<<<<

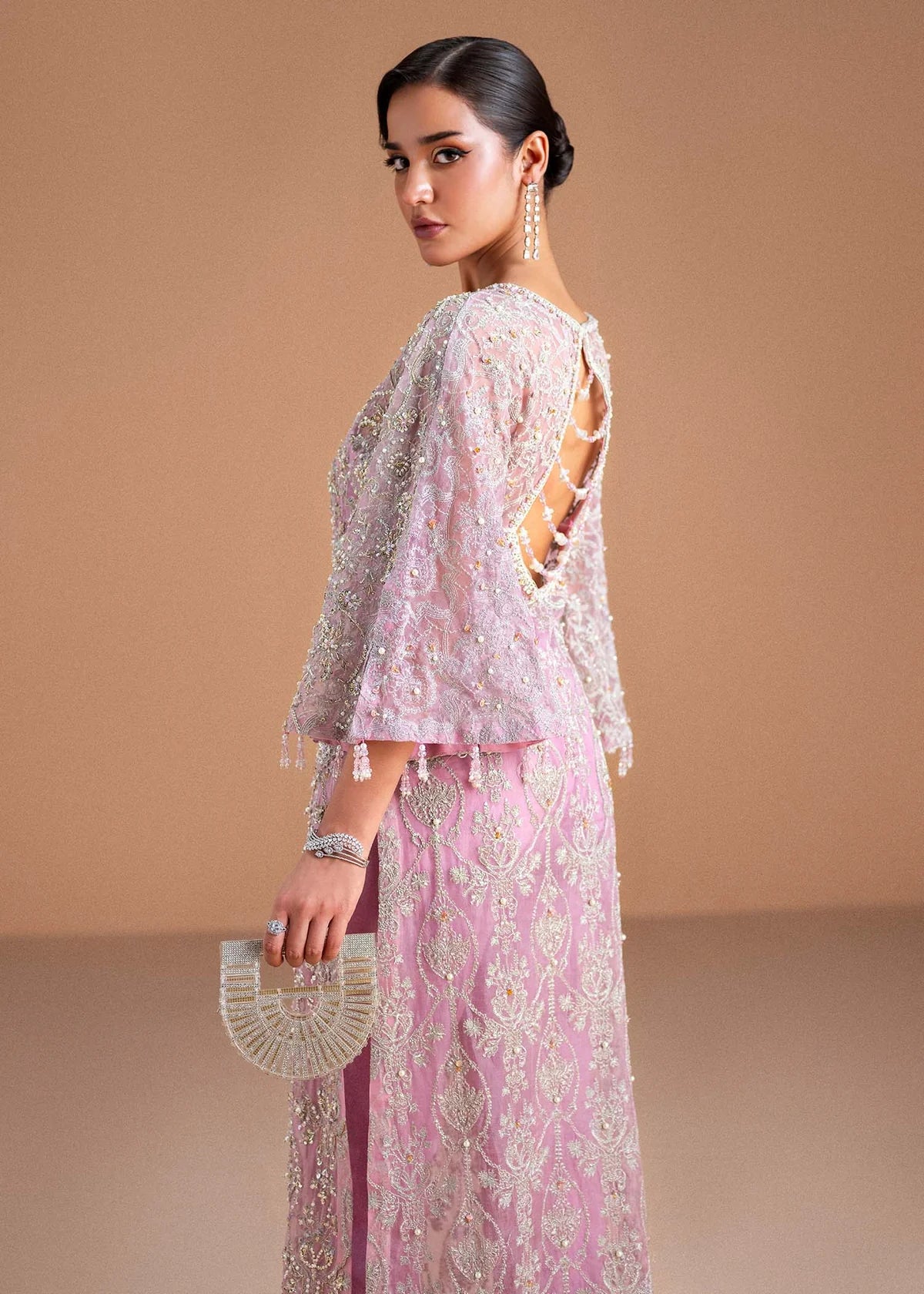 02-Piece Heavy Embroidered Organza - Ready To Wear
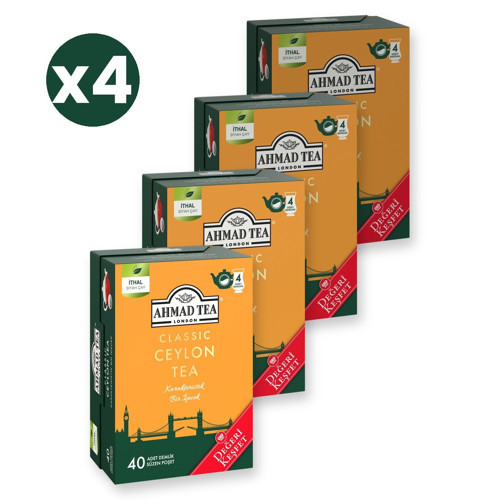 Klasik Ceylon Tea Demlik Poşet Çay 40x2 G 4'li Ekonomik Paket – Toplam 160 Demlik Poşet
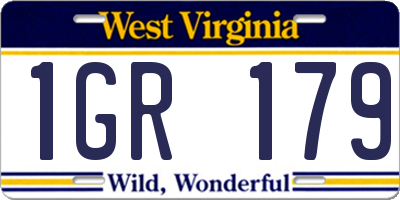 WV license plate 1GR179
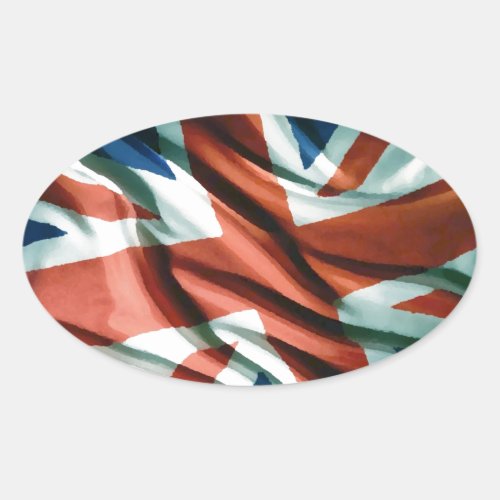 British Flag Pop Art Oval Sticker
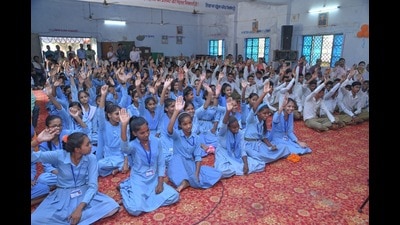Students during the inauguration of the interactive virtual smart classroom project by IIT-K (HT)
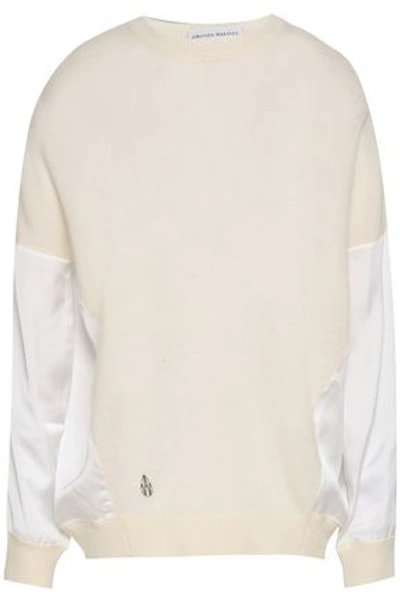 Shop Amanda Wakeley Satin-paneled Cashmere And Wool-bend Top In Ivory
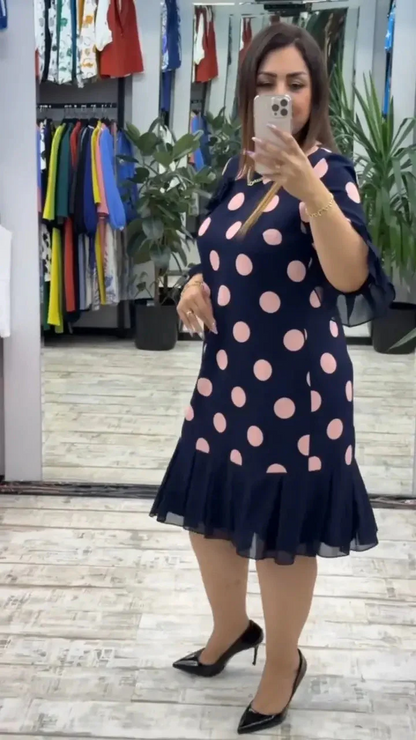 Paola | Vestido plisado de lunares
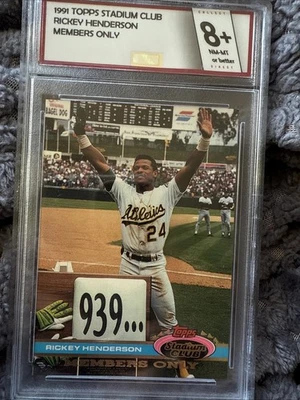 2020 Stadium Club Members Only Rickey Henderson Collect Direct 8+ Graded NM-MT - Imagem 1 de 2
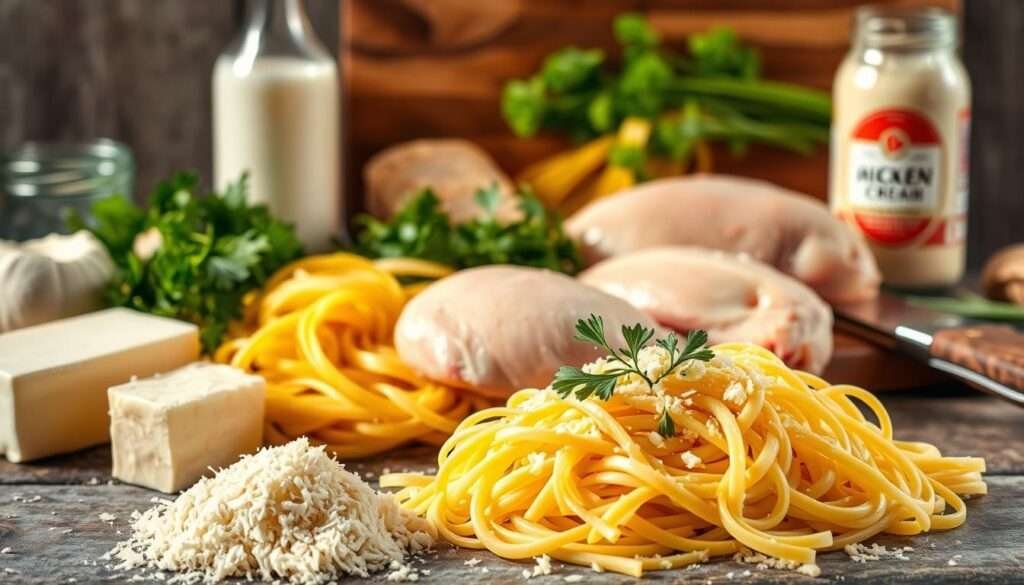 A vibrant arrangement of ingredients for the perfect chicken alfredo dish. In the foreground, a pile of freshly grated parmesan cheese and a knob of creamy butter. In the middle, a selection of al dente fettuccine noodles, a juicy rotisserie chicken breast, and a selection of fresh herbs like parsley and chives. In the background, a bottle of rich, heavy cream and a jar of minced garlic, along with a wooden cutting board and a sharp chef's knife. Soft, natural lighting illuminates the scene, casting gentle shadows and highlights the textures of the ingredients. The overall mood is one of rustic, Italian-inspired elegance, perfectly suited for a delicious and satisfying chicken alfredo dish.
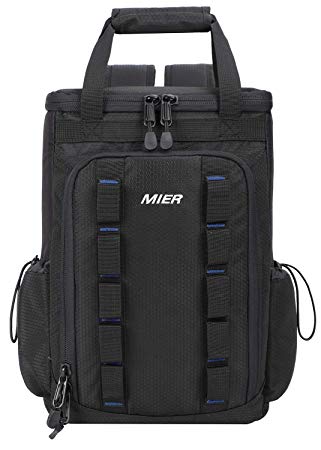 MIER Insulated Cooler Backpack for Men and Women Leakproof Cooler Tote for Lunch, Picnic, Hiking, Camping, Beach, Park, Road Trips, 20 Can, Black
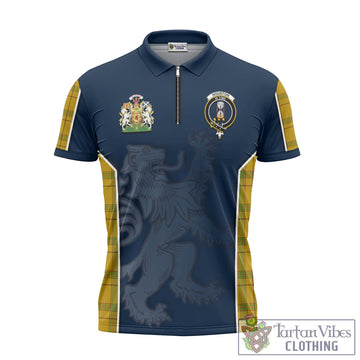 Houston Tartan Zipper Polo Shirt with Family Crest and Lion Rampant Vibes Sport Style - Tartan Vibes Clothing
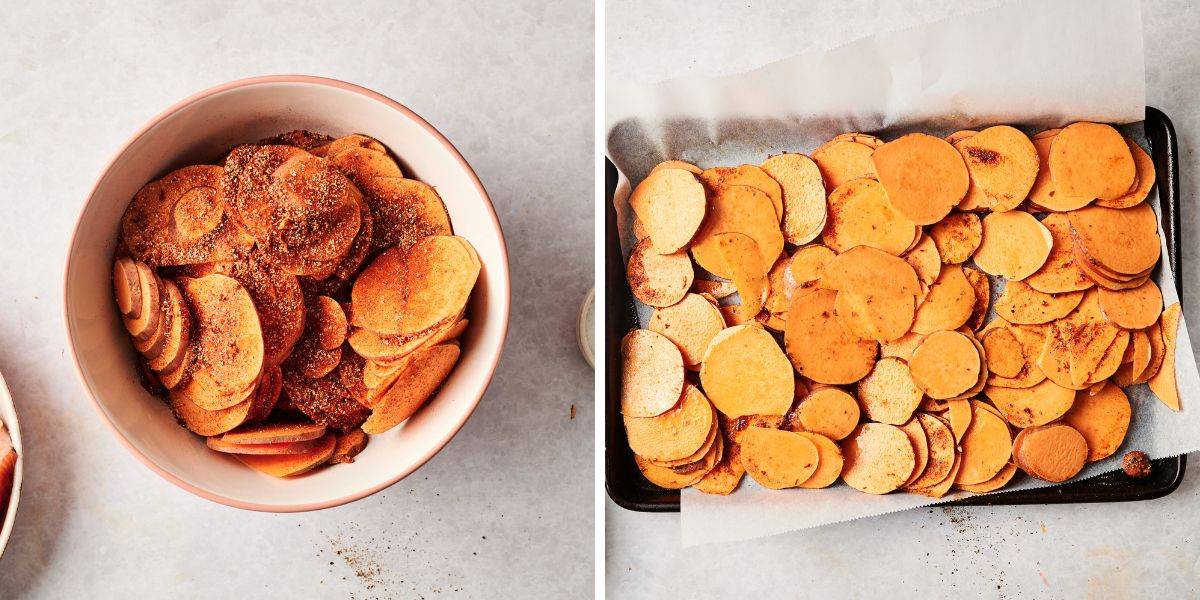 Sliced sweet potatoes coated in seasoning, shown in a bowl and spread on a baking sheet.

>>>>

• **Exercise directions**: Please retype the whole of the data precisely, omitting pictures.

• **Written reply**:
 02-Piece Heavy Embroidered Organza - Ready To Wear
 Klasik Ceylon Tea Demlik Poşet Çay 40x2 G 4'li Ekonomik Paket – Toplam 160 Demlik Poşet
 WV license plate 1GR179
 British Flag Pop Art Oval Sticker
Students during the inauguration of the interactive virtual smart classroom project by IIT-K (HT)
 Shop Amanda Wakeley Satin-paneled Cashmere And Wool-bend Top In Ivory
 Paola | Vestido plisado de lunares
 2020 Stadium Club Members Only Rickey Henderson Collect Direct 8+ Graded NM-MT - Imagem 1 de 2
 A vibrant arrangement of ingredients for the perfect chicken alfredo dish. In the foreground, a pile of freshly grated parmesan cheese and a knob of creamy butter. In the middle, a selection of al dente fettuccine noodles, a juicy rotisserie chicken breast, and a selection of fresh herbs like parsley and chives. In the background, a bottle of rich, heavy cream and a jar of minced garlic, along with a wooden cutting board and a sharp chef's knife. Soft, natural lighting illuminates the scene, casting gentle shadows and highlights the textures of the ingredients. The overall mood is one of rustic, Italian-inspired elegance, perfectly suited for a delicious and satisfying chicken alfredo dish.
 MIER Insulated Cooler Backpack for Men and Women Leakproof Cooler Tote for Lunch, Picnic, Hiking, Camping, Beach, Park, Road Trips, 20 Can, Black
 Houston Tartan Zipper Polo Shirt with Family Crest and Lion Rampant Vibes Sport Style - Tartan Vibes Clothing
 Sliced sweet potatoes coated in seasoning, shown in a bowl and spread on a baking sheet.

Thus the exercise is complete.